F38 Secure Boot dbx Configuration Update 190 -> 217 fails w/Invalid argument

1. Freshly installed Fedora 38
2. Running in KVM as a Standard PC (Q35 + ICH9, 2009) pc-q35-7.0
3. edk2-20221117gitfff6d81270b5-14.fc37
4. Secure Boot is disabled

Software has one Update: “Secure Boot dbx Configuration Update 190 → 217”
This update never succeeds through the GUI, it silently fails.

fwupdmgr update asks to “Upgrade UEFI dbx from 190 to 217”, but always fails with

failed to write data to efivarfs: Error writing to file descriptor: Invalid argument

Running this with “–verbose” doesn’t provide any extra information.

My question is: How to apply this update (or remove it from appearing to either
Software or fwupdmgr)?

And also, shouldn’t Fedora 38 ship with the latest dbx 217, instead of an older one?

Why does a fresh install of Fedora 38 in a VM require that I deal with this?

Are you running that command either as root or using sudo?

I’ve tried as root, sudo with my ID, and just under my ID, the result is always the same, no matter how it is run.

I would think that when you don’t have secure boot enabled, you also don’t need the dbx updates. The dbx updates updates the list of blacklisted security boot certificates, which would only be relevant when secure boot is enabled.

Great! I agree! How do I get fwupdmgr and Software to stop presenting it to me, then?
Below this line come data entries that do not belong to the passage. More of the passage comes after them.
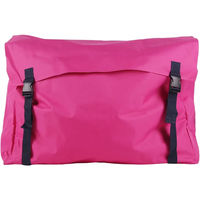 Produktbild von QHP Stall Packsack Utensilienbehälter für Decken und Pflegeartikel Fuchsia/Navy aus Polyester - 124 l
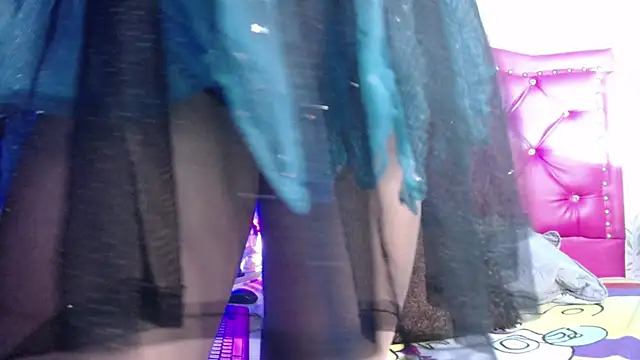 luly pink online show from February 13, 3:39 am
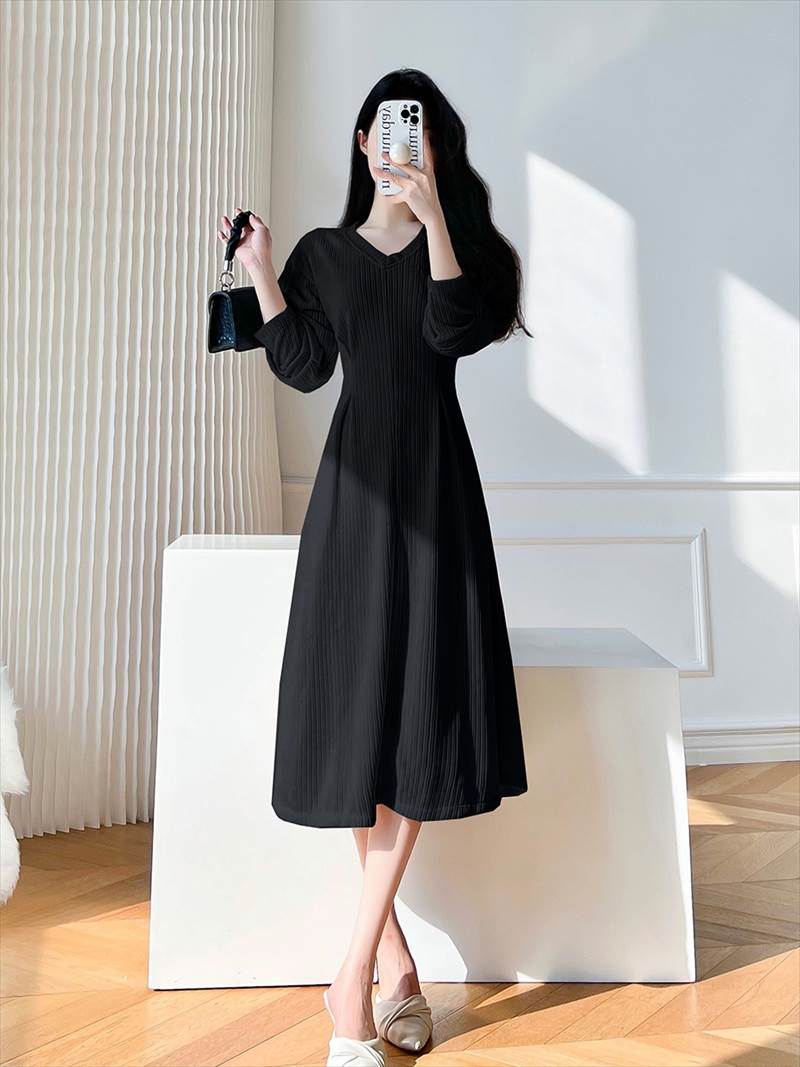 ワンピース スカート ミモレ丈 ひざ下 送料無料 Vネック 長袖 フレア ウエストマーク レディース かわいい 大人可愛い きれいめ 上品 こなれ感 シンプル カジュアル 主役級 存在感 個性的 モダン フェミニン デート お出かけ ワンピース ブラック アプリコット S M L XL 2XL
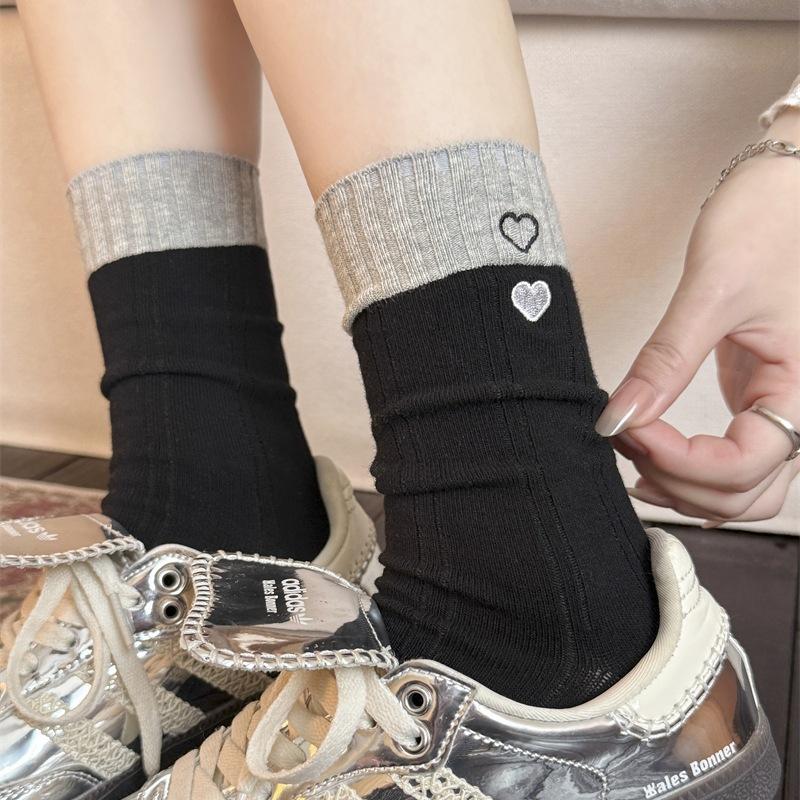 

Шкарпетки Колір Відповідність Вертикальна Смужка Вишивка Серце Середні Шкарпетки Подвійна Голка Чиста Бавовна Довгі Шкарпетки Шкарпетки для Накладання One size fits all чорний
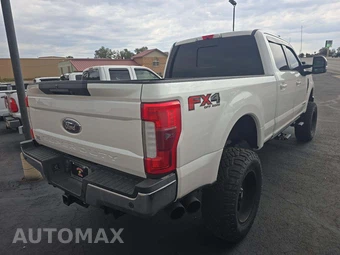 2017 Ford Super Duty F-250 Lariat Crew Cab Medium Bed - miniatura 3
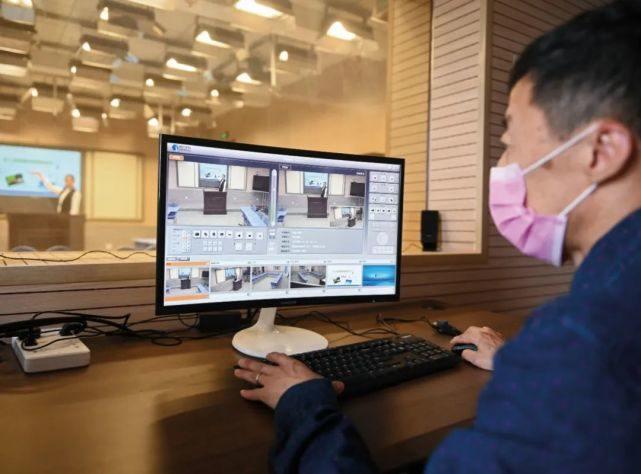 重磅科技新品引领财经新时代，前所未有的财经生活体验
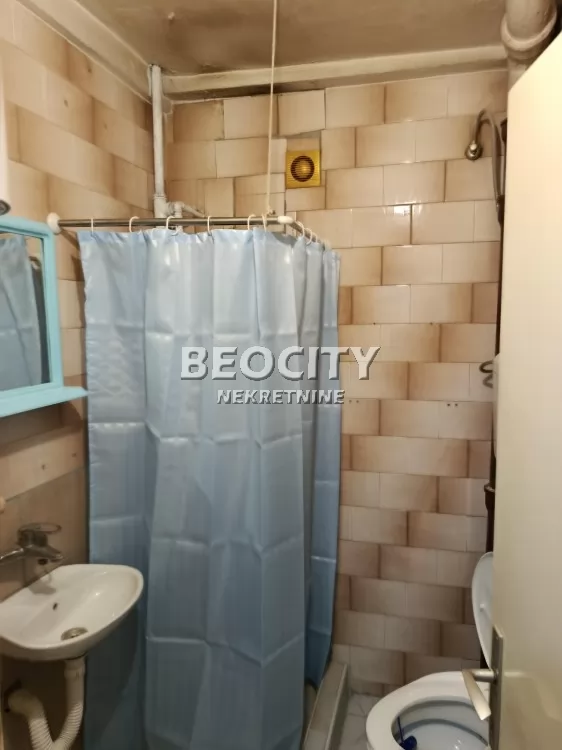 Trosoban stan, 65 m2, Stara Detelinara, Stevana Divnina Babe ID: 126839 8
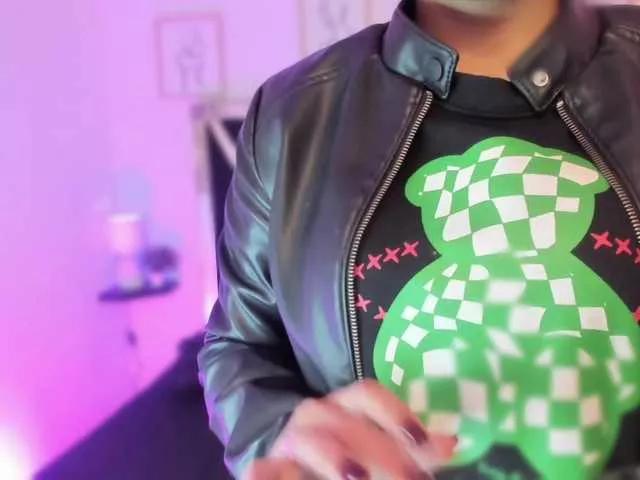 lana-chavez on BongaCams 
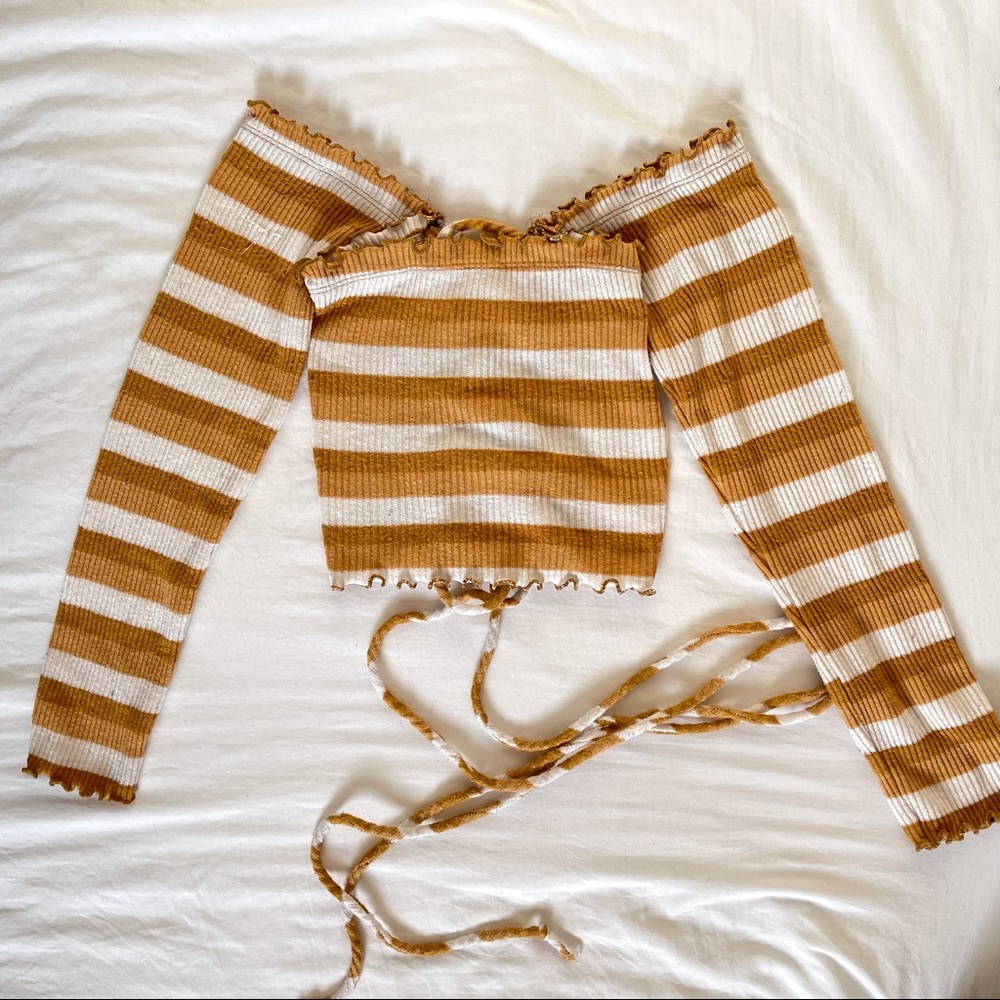 Long Sleeve Crop Top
I don’t know if this could be your issue, but I had a similar issue running Windows 11 in a VM with Fedora 37 as my hypervisor. The problem was that the UEFI variable space that KVM used was too small and there wasn’t room for a Windows update that added stuff to dbx. The fix that worked for me was to change the UEFI variable store and UEFI firmware KVM was using from the original version I used to a larger 4 Meg. version. The details of that issue and the fix are described here:

Thank you, thank you, thank you, one thousand thank you’s! This was the solution to the problem! I didn’t even have to download anything, Fedora already provides the ovmf-4m files in the /usr/share/edk2/ovmf-4m directory but for some reason, defaults to the ovmf (2M) files there instead. Switching the VM to use the files in the ovmf-4m directory fixed the issue!

For those seeing this in the future, I had created my VM with the --boot uefi option to the virt-install command. On Fedora 37/38, this defaults to the OVMF 2M files. Changing the virt-install --boot option to this instead:

--boot loader=/usr/share/edk2/ovmf-4m/OVMF_CODE.secboot.fd,loader.readonly=yes,loader.type=pflash,nvram.template=/usr/share/edk2/ovmf-4m/OVMF_VARS.secboot.fd,loader_secure=yes

creates the virtual machine in UEFI mode but with the OVMF 4M files, with secure boot enabled. If you don’t want secure boot, just remove the .secboot portion of the filenames and change loader_secure=no.

The new dbx 217 update installs successfully now with no errors.

I don’t know fully what the implications are for changing the default to the 4M files, but given that Fedora 38 is already shipping with updates that require it, I think it should default to it.

You’re very welcome. Glad it helped! I chased this problem for a long time, so glad to save someone else some time.

I also wonder why it doesn’t just default to using the 4M image, but my VM had been created a while ago, so I wasn’t sure if there was a more recent change to make that the default, but apparently not.

You can also update existing VMs like this:

VM="fedora"
virsh shutdown ${VM}
EDITOR="sed -i -e s:/ovmf/:/ovmf-4m/:" virsh edit ${VM}
virsh dumpxml ${VM} --xpath //os
virsh start ${VM} --reset-nvram

Thank you Vladislav for documenting this, this is also a solution!

I have created bug report #2181840 to capture this. Hopefully, it can be addressed before Fedora 38 goes GA. I would like to make it a blocker bug, but I don’t think it qualifies given the description. Maybe someone else here has some insight on that?